ATV tours take you back into the rugged "wilderness"

always respect to the firefighters...

I'm curious as to how long this sign has been here. The bridge itself seems about to collapse.

an ancient Ford...

Wednesday, August 3, 2011

Wailua Falls

You'd think that living on an island would eventually get old, that the number of new places to visit is limited. To an extent this is true. With the highest speed limit being 50 mph and the longest drive being 2 hours, our world is quite small. Still, this doesn't mean that adventures and new discoveries are impossible. Sometimes you just have to look a little harder.

I've been driving by a sign pointing to a waterfall for years now, and I realized recently that I've never actually followed  it. It's been there in front of my face the whole time, and not once have I turned off the main road to explore. So recently I had a little extra time after teaching, and I found myself soaring up a winding road into the green green hills in search of a little adventure. 

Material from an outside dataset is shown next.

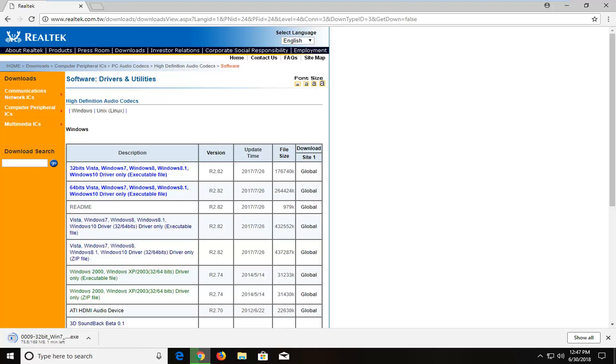So again, it looks like we have about a minute left to finish the download process here. And I will jump back in with the recording.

A few miles and a couple of shouted-out-loud Decemberists songs later, I came to the dead end where tourists and their shiny cars were collected in a cramped parking lot. There were a couple of locals weaving hats out of palm leaves, and many were the visitors with their cameras. The flurried rush of heavy waters floated across the air, drawing me to the overlook.

A few steps away was one of the most impressive waterfalls I have ever seen (and living in Hawaii, I've seen quite a few). The whitewater of Wailua Falls surges off a cliff of eighty feet into a round pool at the bottom of the valley. It is said that the ancient Hawaiians would jump off this waterfall to prove their manhood, and I wonder how often they proved their death as well. 

It didn't take me long to realize that a better view could be seen from standing on top of the protective wall. From there, I could see the whole prospect from a birds'-eye view. The incessant downfall of water, the peace of the pool, the incredible greenery in all directions. Elegant tropicbirds danced above the mist, gliding through the rainbows. They seemed in no rush to go anywhere; they were perfectly happy flying around in circles above the waterfall and trees. It was a lovely afternoon to be a tropicbird, peacefully floating along
 without a care in the world.

Tuesday, August 2, 2011

Seaside Horses

Thank you for all of your support during the HubPages contest! Even though my article didn't win, it was chosen for Hub of the Day this past Sunday. I had a lot of fun participating and hearing from new readers. Without readers, what's the point of writing? I appreciate all of my readers here and always love to read your comments - thank you :)

My photos have been stacking up, and I was going to stuff them into one post, but changed my mind. I'm feeling a little wordless anyhow, so I'll just let the photos speak for themselves. 

I met a few new friends recently. They live in a large hillside pasture overlooking a 180 degree view of the sea.  

These beautiful horses of Hawaii are reddish from the dirt, and they love to eat the buffalo grass that grows on the other side of the fence.

I was very excited to see the new foals with their spindly legs and fuzzy coats.

Like most little girls, I was once obsessed with horses. Marguerite Henry books filled my shelves, and I had a complete stable of miniature horses that I regularly exercised on the carpeted track. I think a bit of that horse-love is still hidden somewhere inside me, because something makes me want to hug every horse I see.